HOLD OFF ON JUMP SWITCH

Gwynn hesitates. Something is not right. Then Weatherhead yells out.
"Captain, those are ships beneath us. We are over the ocean!"
Gwynn sees white capped waves and boats steaming across the Channel. The paratroopers would have drowned!
The Captain turns the plane west, searching for their drop zone and trying not to think about his low fuel.
The clouds clear and a full moon casts light on the countryside as they scan for St. Mere-Eglise.

"That must be it!" the co-pilot yells, pointing to anti-aircraft flashes illuminating a small town.
Fuel dwindling rapidly, the C-47 approaches from almost 2,000 feet above St. Mere-Eglise. As they get closer, Gwynn and Weatherhead see C-47's above the town and hundreds of parachutes drifting beneath them.

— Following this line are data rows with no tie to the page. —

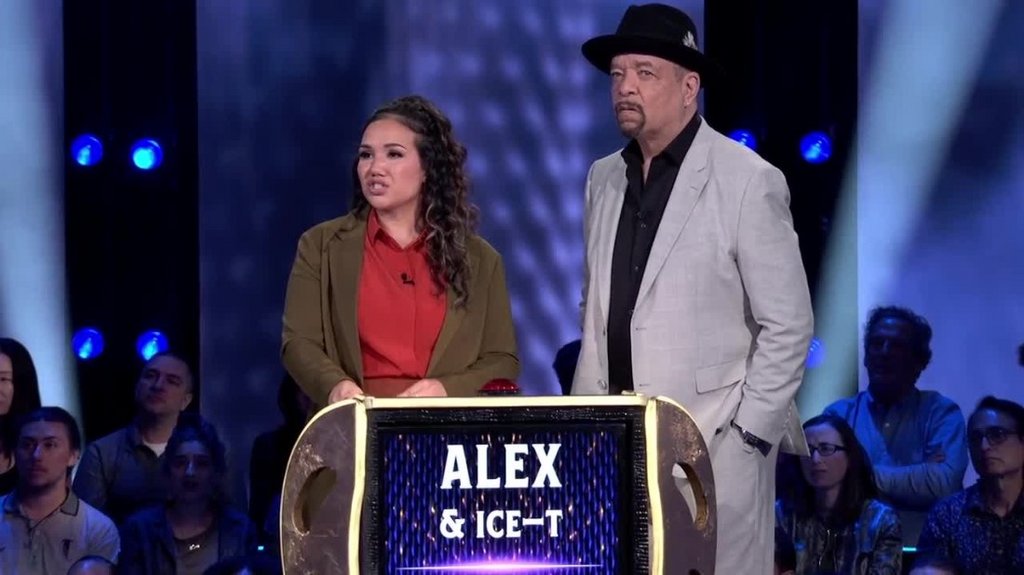 [Image: w26xd5bmg1hx.jpg]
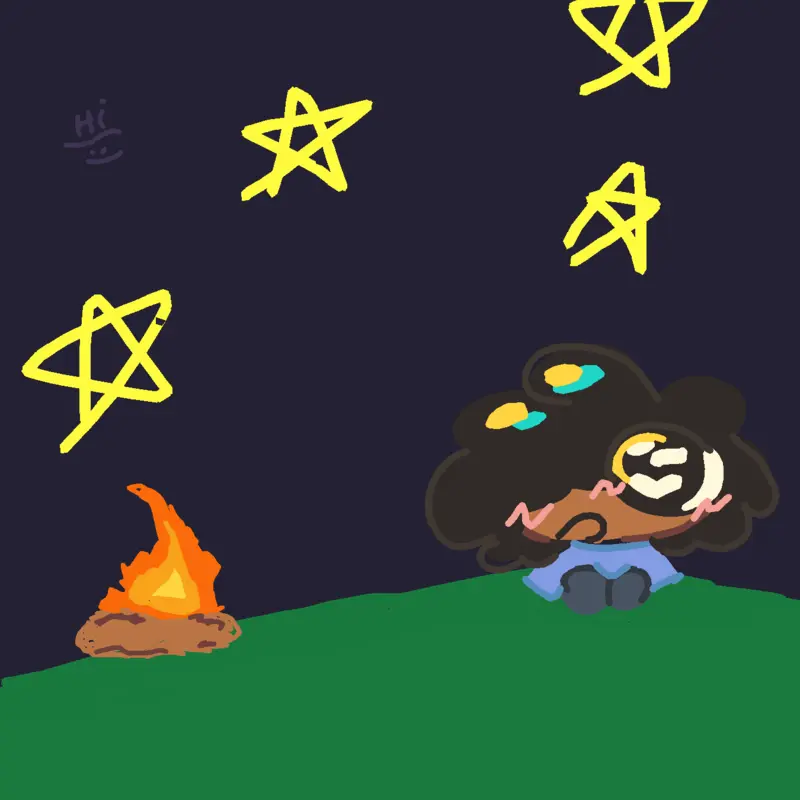 Game by @Aaraiya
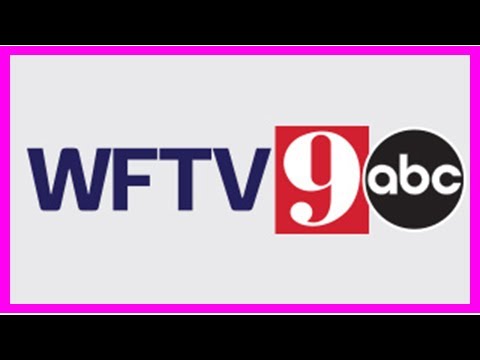 NEWS | Deer hunter who killed woman is charged with manslaughter - YouTube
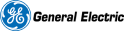 42-425964_general-electric-general-electrics-logo-png 1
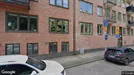 Lägenhet att hyra, Johanneberg, Gyllenkrooksgatan<span class="blurred street-number" onclick="ProcessAdRequest(3862997)"><span class="hint">Se väg-nr</span>[xxxxxxxx]</span><span class="hglt"> (endast byte)</span>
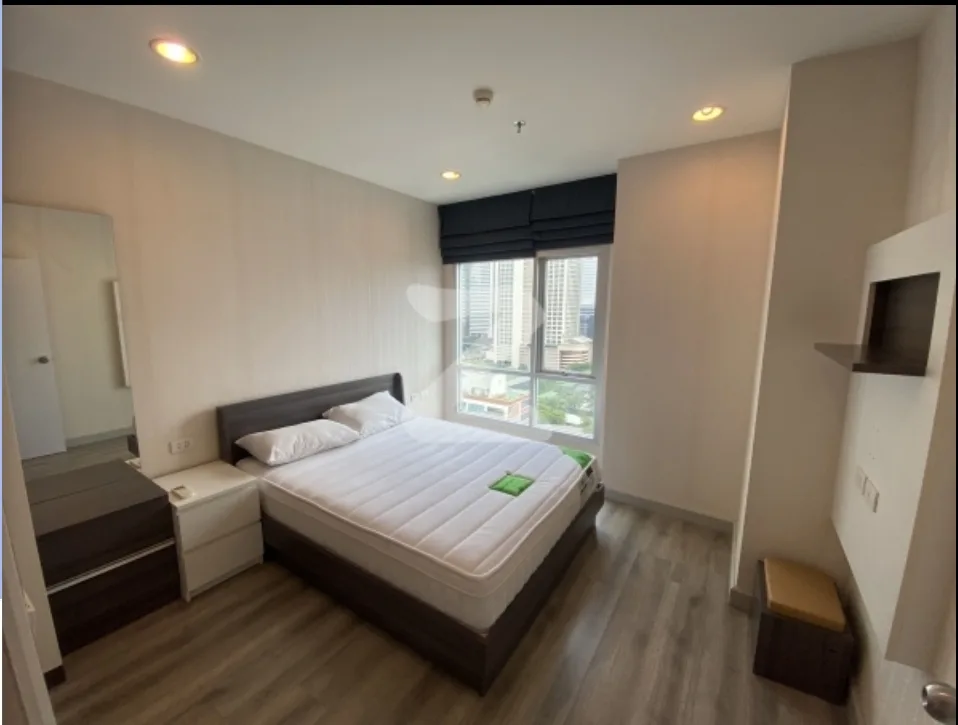 Centric Sathorn - Saint Louis — photo 3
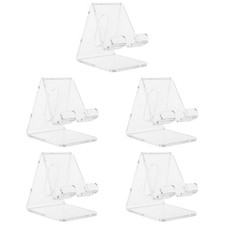  Set of 5 Handyhalterung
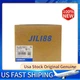 Brand New OMRON CP2E-N20DR-A Programmable Controller Module Free Shipping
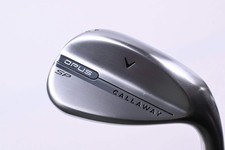 Callaway Opus SP Sand Wedge /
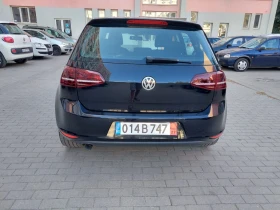 VW Golf 1.6 170000.  | Mobile.bg    7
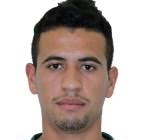 https://img.833zhibooo.com.cn/img/football/player/f5b97c61a4989df7e854dc058c89206c.jpg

A C-47 blows to pieces and plummets to the ground. The sky is alive with long plumes of German tracer fire.
The men try not think about what they learned in training -- for every one tracer round they see there are three "dark" bullets tearing through the sky.
Gwynn remains steady through the agonizing seconds. When he judges they are in place, the Captain flips the jump switch.
The green light flashes and Turnbull jumps, followed by a long line of paratroopers.
As soon as the last man clears, Gwynn turns the plane towards Utah Beach and the English Channel.
Their C-47 sputters over Normandy, out of fuel and dropping altitude. Gwynn clears the French coast before his plane plunks into the sea a few minutes later.
He and his crew desperately kick free and swim towards a British destroyer.
Thankfully they are rescued. Gwynn and his men spend June 6 watching the ship's guns pound German defenses around Cherborg.